-- Listed records --
^^^^^^^^^^^^^^^^
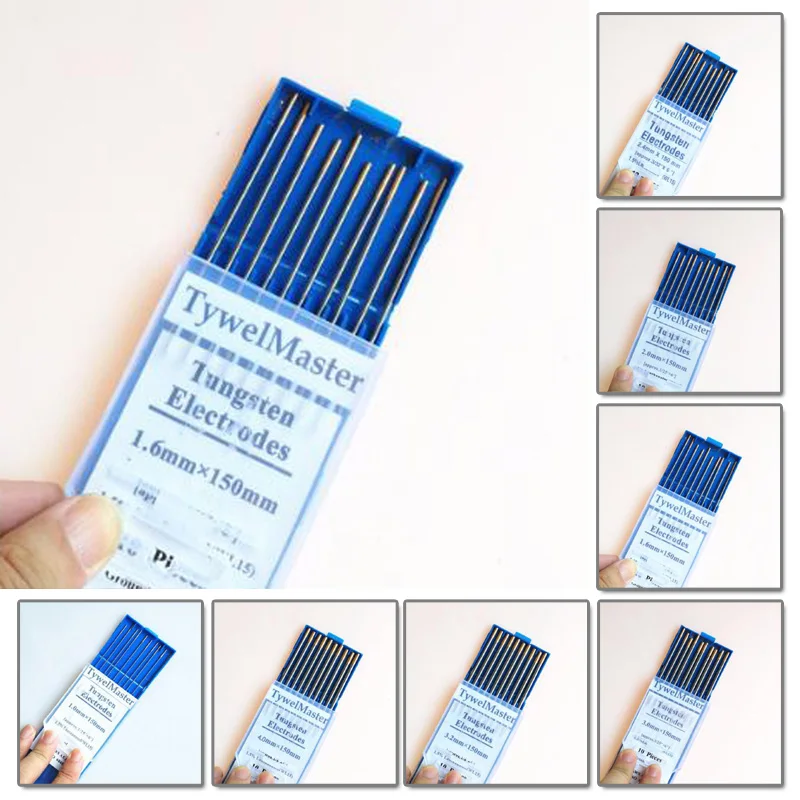 10PCS Professional Supply WL15 Tungsten Welding Electrode Tig Rod 1.0/1.6 /2.0/2.4/3.0/3.2/4.0Lanthanum Tungsten Electrode
10PCS Professional Supply WL15 Tungsten Welding Electrode Tig Rod 1.0/1.6 /2.0/2.4/3.0/3.2/4.0Lanthanum Tungsten Electrode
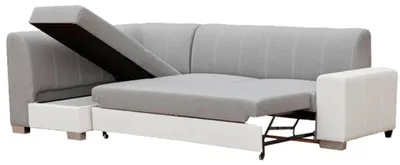 Produktbild von Sofa Schlafsofa Designer Sofa mit Bettfunktion + Bettkasten Ecksofa Couch NEU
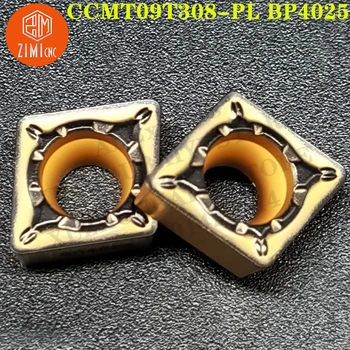 CCMT09T308-PL BP4025 CCMT09T308-PL Външни карбидни CNC инструменти механичен метал фреза Вътрешно рязане Карбидни вложки 1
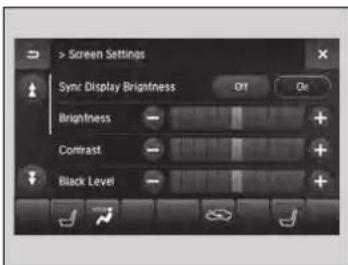 Acura MDX Sport Hybrid (2020) - ■ Changing the Screen Brightness - 2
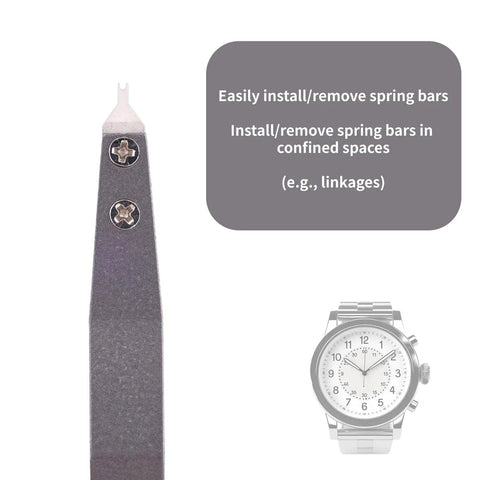 Watch Spring Bar Tweezers And Pliers Tool For Quick Strap Tweaks, Link Removal, And Bracelet Repair, Aluminum Alloy Durable Design
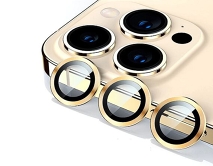 Защитная накладка на камеру iPhone 14 Pro/14 Pro Max золотая (комплект 3шт)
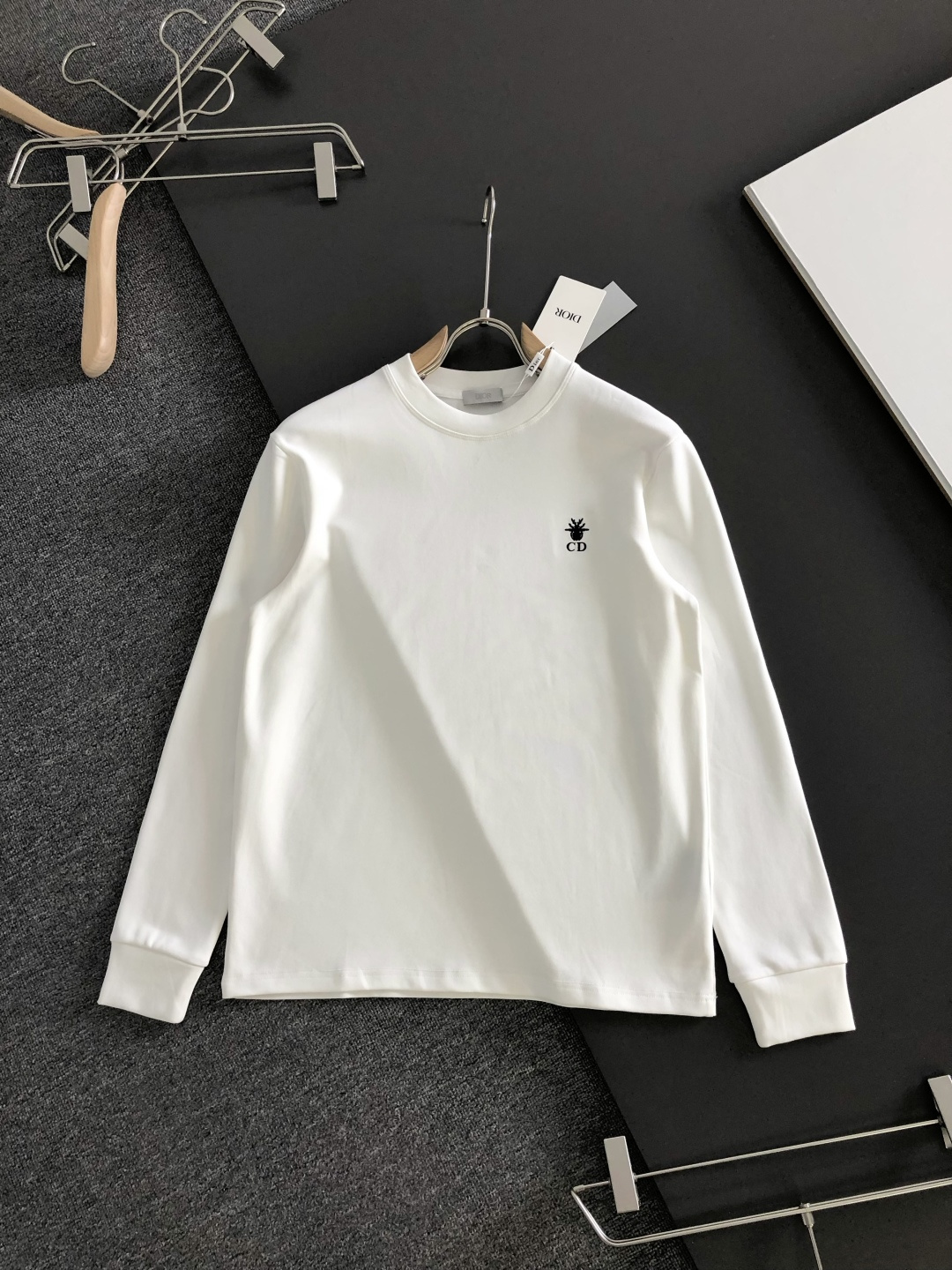 Cheap Dior Long-Sleeved T-Shirts in 230317, $65 USD- [IB230317] - Replica Dior Long-Sleeved T-Shirts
^^^^^^^^^^^^^^^^
-- Activity --
Once the pictures are set aside, output all of the data above verbatim.

-- Written reply --
 10PCS Professional Supply WL15 Tungsten Welding Electrode Tig Rod 1.0/1.6 /2.0/2.4/3.0/3.2/4.0Lanthanum Tungsten Electrode
10PCS Professional Supply WL15 Tungsten Welding Electrode Tig Rod 1.0/1.6 /2.0/2.4/3.0/3.2/4.0Lanthanum Tungsten Electrode
 Produktbild von Sofa Schlafsofa Designer Sofa mit Bettfunktion + Bettkasten Ecksofa Couch NEU
 CCMT09T308-PL BP4025 CCMT09T308-PL Външни карбидни CNC инструменти механичен метал фреза Вътрешно рязане Карбидни вложки 1
 Acura MDX Sport Hybrid (2020) - ■ Changing the Screen Brightness - 2
 Watch Spring Bar Tweezers And Pliers Tool For Quick Strap Tweaks, Link Removal, And Bracelet Repair, Aluminum Alloy Durable Design
 Защитная накладка на камеру iPhone 14 Pro/14 Pro Max золотая (комплект 3шт)
 Cheap Dior Long-Sleeved T-Shirts in 230317, $65 USD- [IB230317] - Replica Dior Long-Sleeved T-Shirts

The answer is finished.